### Task goal:
Copy every line from the one that holds "First you want" to the end of the records below, exactly and with nothing else, but without any pictures.

### Records for the task:
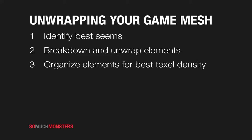Oh hey guys, it's Jill Pickup from SoMuchMonsters.com and we're going to go into our next little step here which is going to be unwrapping our model.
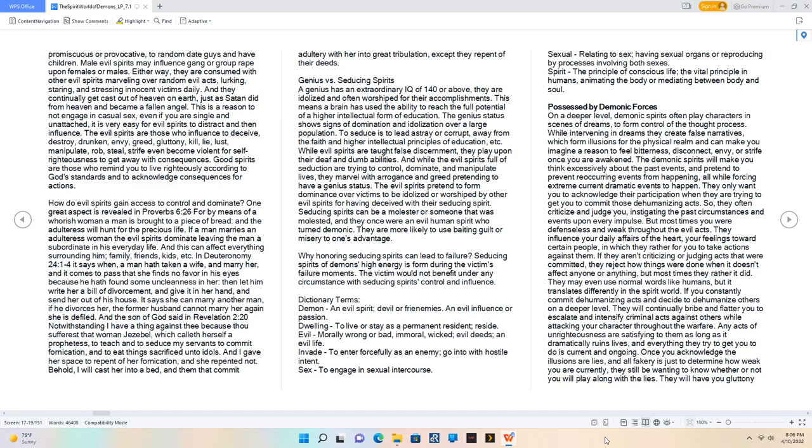Possessed by demonic forces. On a deeper level, demonic spirits often play characters in scenes of dreams to form control of the thought process. While intervening in dreams they create false narratives which form illusions for the physical realm and can make you imagine a reason to feel bitterness, disconnect, envy, or strife once you are awakened.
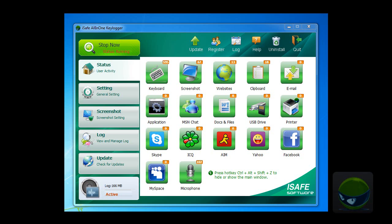Hello, welcome to iSafe All-in-One Kilogo Video Center, the how-to series video tutorial. In this video chapter, I will show you how to hide or unhide the program.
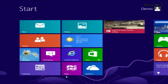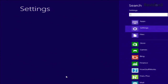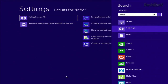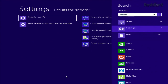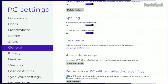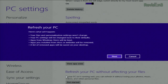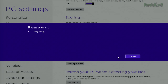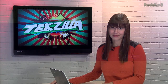First you want to search for Refresh from the Start screen. Just type it in, and then click Refresh Your PC. Once you get started, it'll pop up a little notification about what's going down. Hit Next, get ready, and then restart the machine. You'll see it run through the process as it's booting back up.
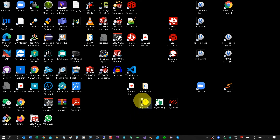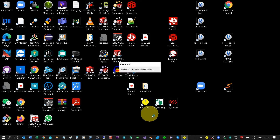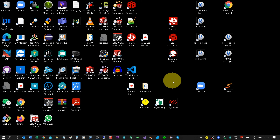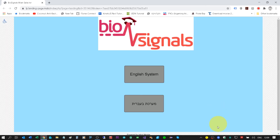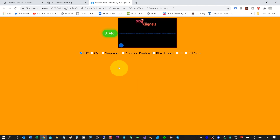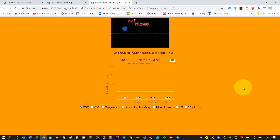Now let's go to the third application — the yellow circle icon with the name BioSignals. This application allows local training while transmitting all the signals and analysis to the cloud. I will double click the icon and get a small window to type in my email address and password — my registered credentials in the cloud.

### Answer to this task:
First you want to search for Refresh from the Start screen. Just type it in, and then click Refresh Your PC. Once you get started, it'll pop up a little notification about what's going down. Hit Next, get ready, and then restart the machine. You'll see it run through the process as it's booting back up.
Now let's go to the third application — the yellow circle icon with the name BioSignals. This application allows local training while transmitting all the signals and analysis to the cloud. I will double click the icon and get a small window to type in my email address and password — my registered credentials in the cloud.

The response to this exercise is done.